Structured data provides great flexibility but exposes several drawbacks:

  1. The function that shows Label is not easy to write, especially for more than two steps of calculation that requires a lot of special judgments, such asLast week,Our data looks like this.[moment().sutract(1, 'w').startOf('w'), moment().sutract(1, 'w').endOf('w')]In turn, formatting the object requires a lot of judgment code.
  2. For ease of use, there is definitely a need for a quick filter, and it takes a lot of code to put this list either on the front end or back end (quick filter below)
  3. Objects are not very convenient to put in Query. For example, there is a function in our monitor Kanban that allows the user to override the default kanban configuration with a time parameter in Query, which would be inconvenient if it were an object.

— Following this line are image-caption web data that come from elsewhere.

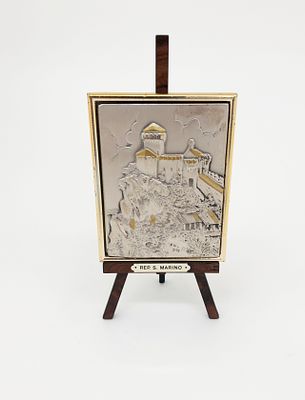 Плакетка на мольберте. Виа Н. Бонапарт. Респ. Сан-Марино. Серебро: 925 проба. Размер: 9х7см 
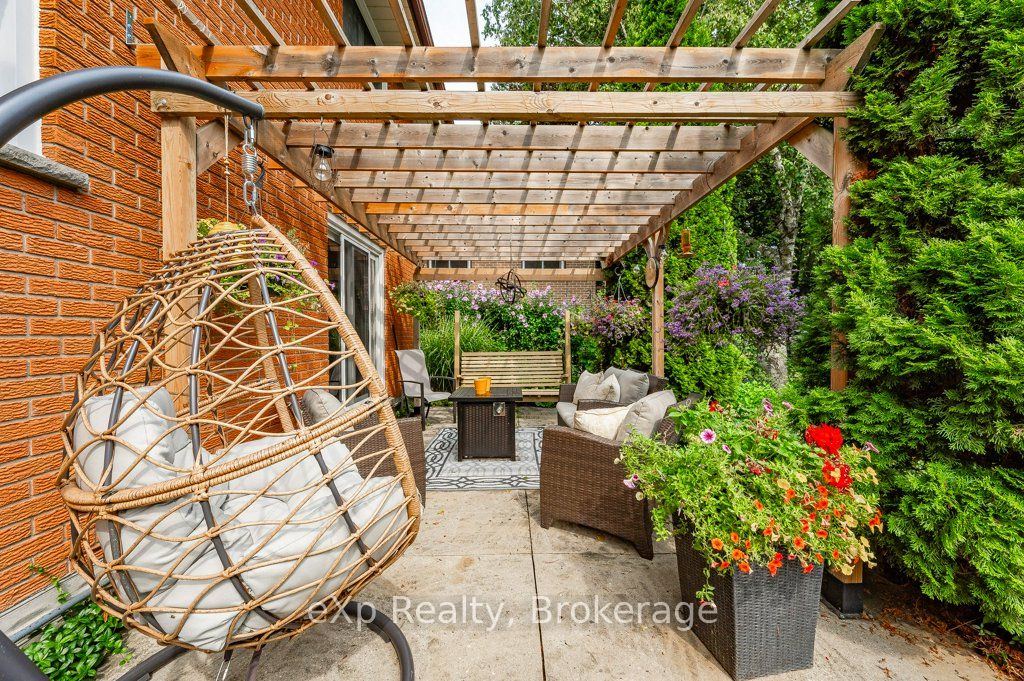 8 Malvern Crescent Property Photo 40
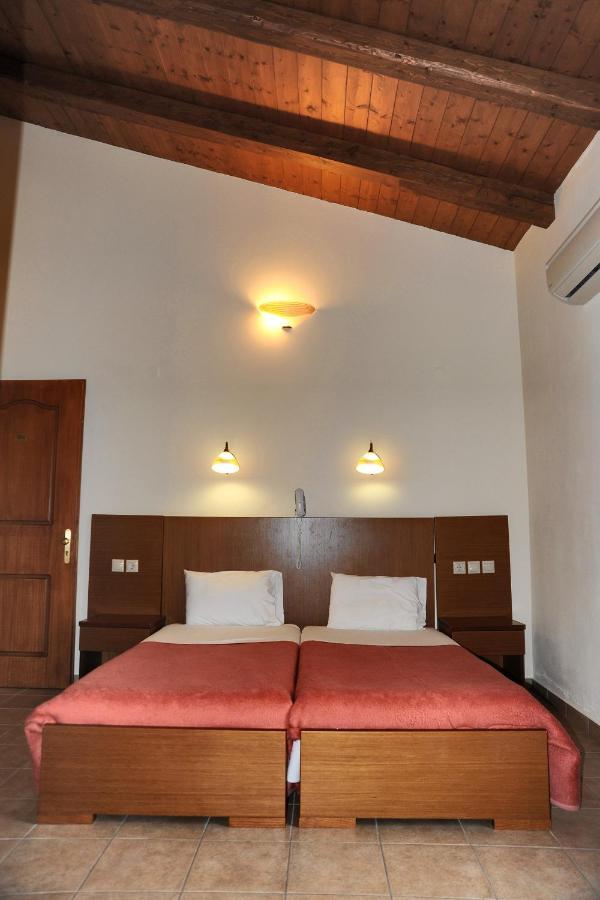 Castri Hotel ذلفي المظهر الخارجي الصورة
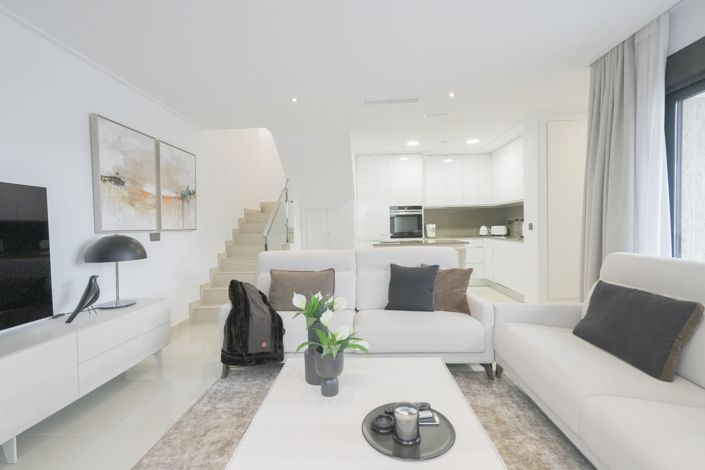 Image No.5-3 Bed Semi-Detached for sale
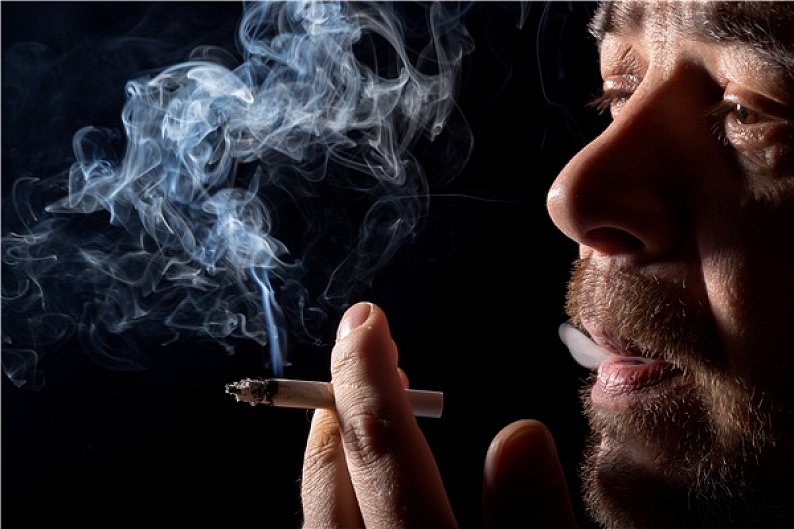 头像_男人_吸烟_香烟_图片素材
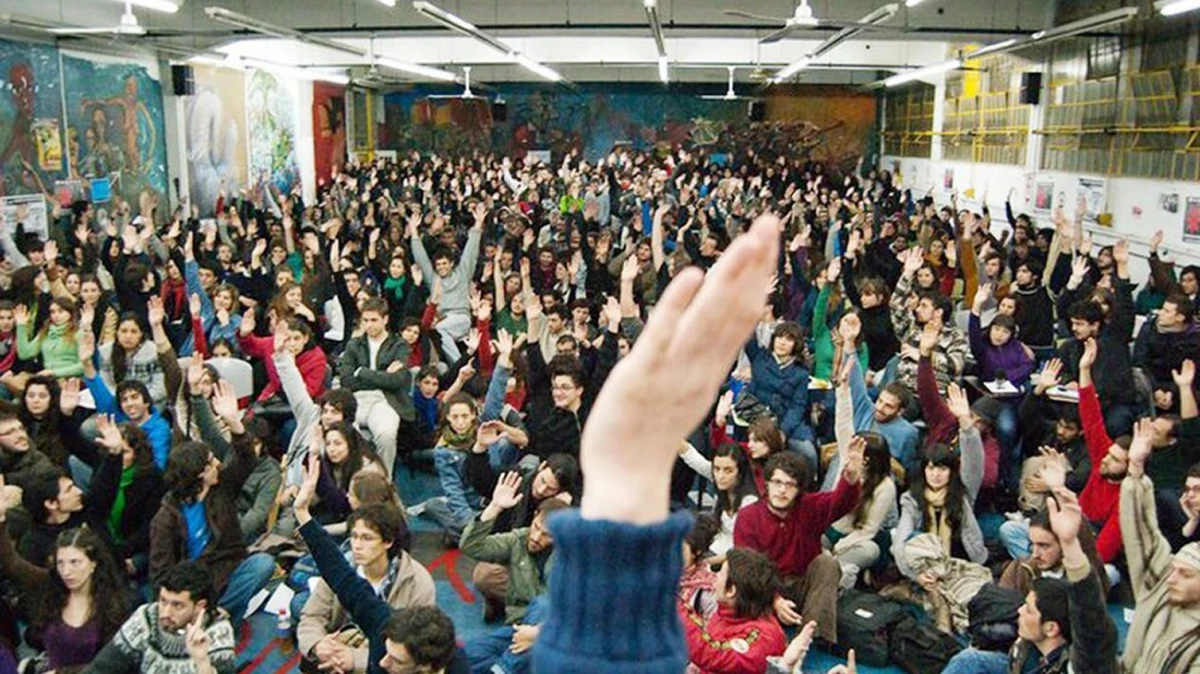 PARTICIPACIÓN ESTUDIANTIL. Participarán alumnos y alumnas de toda la provincia, que trabajarán propuestas para marcar agenda legislativa. / IMAGEN ILUSTRATIVA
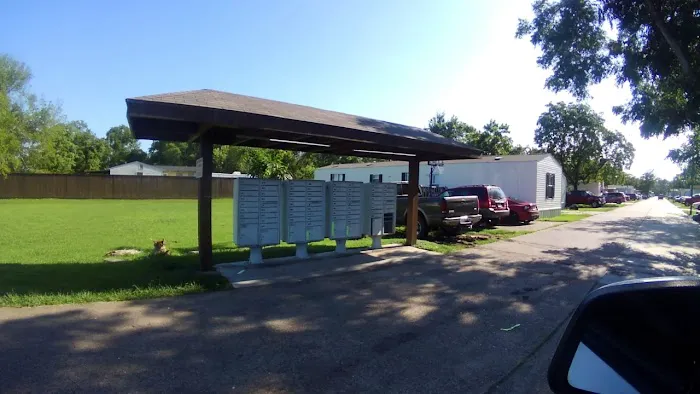 Highland Village Mobile Home Park Picture 4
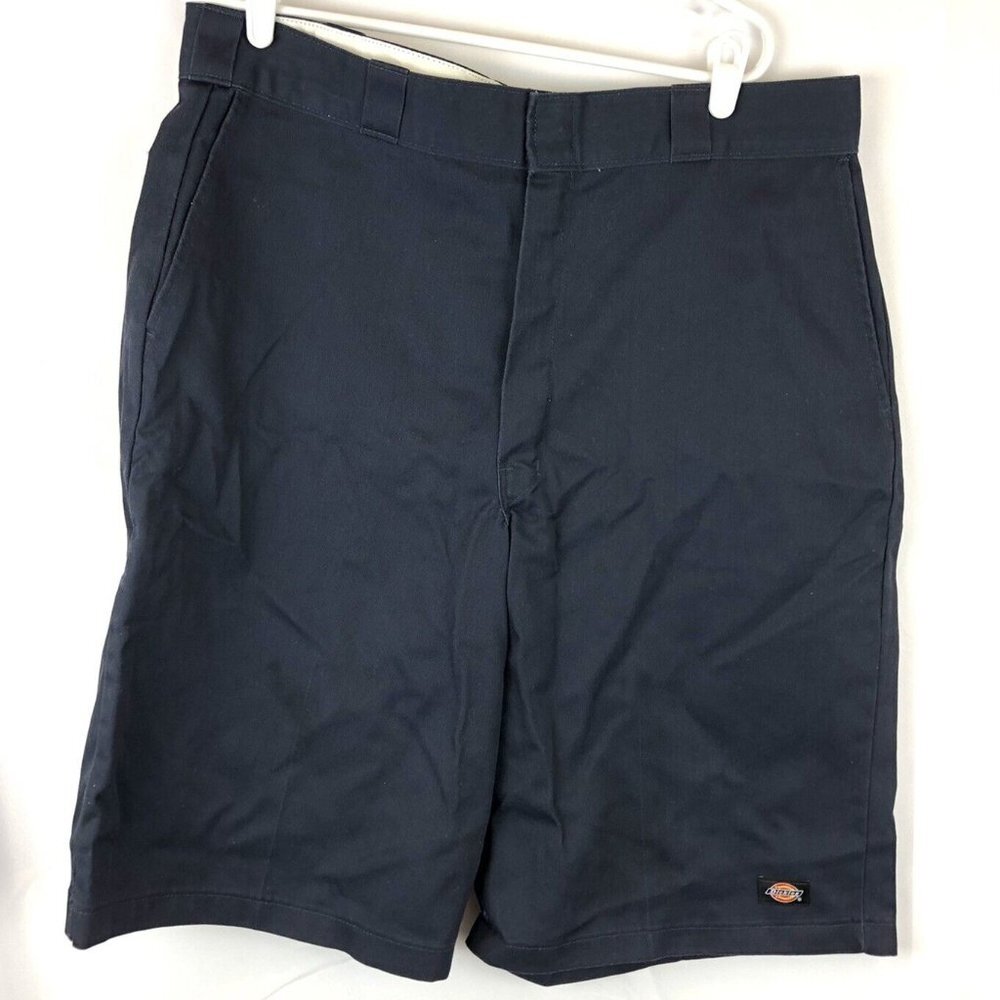 Dickies Men’s 13 Inch Loose Fit Multi Pocket Shorts Size 38, Navy Blue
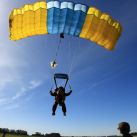 Andrea Rincon salta en paracaidas (1)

Use relative time expressions

Wouldn’t the above disadvantages be solved if we could use expressions to represent the above structured data?

Relative time expression

At this point, Grafana had already provided a working prototype, and I rewrote the logic on top of its syntax, adding fault tolerance and syntax features to create a separate library (home page). This expression is based on the structured data implementation in the previous section, but can be more straightforward. For example (from examples)

  • now - 12h: 12 hours ago, same as moment().subtract(12, 'hours')
  • -1d: 1 day ago, same as moment().subtract(1, 'day')
  • now / d: the start of today, same as moment().startOf('day')
  • now \ w: the end of this week, same as moment().endOf('week')
  • now - w / w: the start of last week, same as moment().subtract(1, 'week').startOf('week')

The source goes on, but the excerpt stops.